■ **Exercise prompt**
Return the data below, unchanged.

####################

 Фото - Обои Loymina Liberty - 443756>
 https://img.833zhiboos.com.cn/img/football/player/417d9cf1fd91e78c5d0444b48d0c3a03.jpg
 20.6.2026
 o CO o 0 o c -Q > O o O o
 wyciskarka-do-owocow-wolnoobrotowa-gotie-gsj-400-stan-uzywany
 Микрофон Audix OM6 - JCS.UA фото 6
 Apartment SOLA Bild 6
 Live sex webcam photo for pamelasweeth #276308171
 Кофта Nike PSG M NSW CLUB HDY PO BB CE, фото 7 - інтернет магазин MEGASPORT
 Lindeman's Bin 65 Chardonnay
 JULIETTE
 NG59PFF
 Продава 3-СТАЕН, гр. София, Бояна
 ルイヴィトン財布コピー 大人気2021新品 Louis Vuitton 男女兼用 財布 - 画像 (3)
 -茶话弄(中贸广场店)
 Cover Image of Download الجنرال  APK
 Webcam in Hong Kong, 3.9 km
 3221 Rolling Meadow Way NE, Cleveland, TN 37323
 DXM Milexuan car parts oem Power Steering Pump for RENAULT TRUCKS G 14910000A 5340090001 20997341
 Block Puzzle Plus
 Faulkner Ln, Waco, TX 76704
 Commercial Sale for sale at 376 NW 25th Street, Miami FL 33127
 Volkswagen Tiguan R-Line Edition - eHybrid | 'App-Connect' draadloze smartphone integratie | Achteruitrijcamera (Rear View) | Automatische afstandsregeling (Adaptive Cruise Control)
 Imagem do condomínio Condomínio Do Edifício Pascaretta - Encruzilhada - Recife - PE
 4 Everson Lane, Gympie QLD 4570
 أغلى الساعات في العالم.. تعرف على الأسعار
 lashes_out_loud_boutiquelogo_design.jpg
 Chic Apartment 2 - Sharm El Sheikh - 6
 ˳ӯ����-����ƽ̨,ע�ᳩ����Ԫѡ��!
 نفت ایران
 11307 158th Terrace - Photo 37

####################

■ **Result for this exercise**
 Фото - Обои Loymina Liberty - 443756>
 https://img.833zhiboos.com.cn/img/football/player/417d9cf1fd91e78c5d0444b48d0c3a03.jpg
 20.6.2026
 o CO o 0 o c -Q > O o O o
 wyciskarka-do-owocow-wolnoobrotowa-gotie-gsj-400-stan-uzywany
 Микрофон Audix OM6 - JCS.UA фото 6
 Apartment SOLA Bild 6
 Live sex webcam photo for pamelasweeth #276308171
 Кофта Nike PSG M NSW CLUB HDY PO BB CE, фото 7 - інтернет магазин MEGASPORT
 Lindeman's Bin 65 Chardonnay
 JULIETTE
 NG59PFF
 Продава 3-СТАЕН, гр. София, Бояна
 ルイヴィトン財布コピー 大人気2021新品 Louis Vuitton 男女兼用 財布 - 画像 (3)
 -茶话弄(中贸广场店)
 Cover Image of Download الجنرال  APK
 Webcam in Hong Kong, 3.9 km
 3221 Rolling Meadow Way NE, Cleveland, TN 37323
 DXM Milexuan car parts oem Power Steering Pump for RENAULT TRUCKS G 14910000A 5340090001 20997341
 Block Puzzle Plus
 Faulkner Ln, Waco, TX 76704
 Commercial Sale for sale at 376 NW 25th Street, Miami FL 33127
 Volkswagen Tiguan R-Line Edition - eHybrid | 'App-Connect' draadloze smartphone integratie | Achteruitrijcamera (Rear View) | Automatische afstandsregeling (Adaptive Cruise Control)
 Imagem do condomínio Condomínio Do Edifício Pascaretta - Encruzilhada - Recife - PE
 4 Everson Lane, Gympie QLD 4570
 أغلى الساعات في العالم.. تعرف على الأسعار
 lashes_out_loud_boutiquelogo_design.jpg
 Chic Apartment 2 - Sharm El Sheikh - 6
 ˳ӯ����-����ƽ̨,ע�ᳩ����Ԫѡ��!
 نفت ایران
 11307 158th Terrace - Photo 37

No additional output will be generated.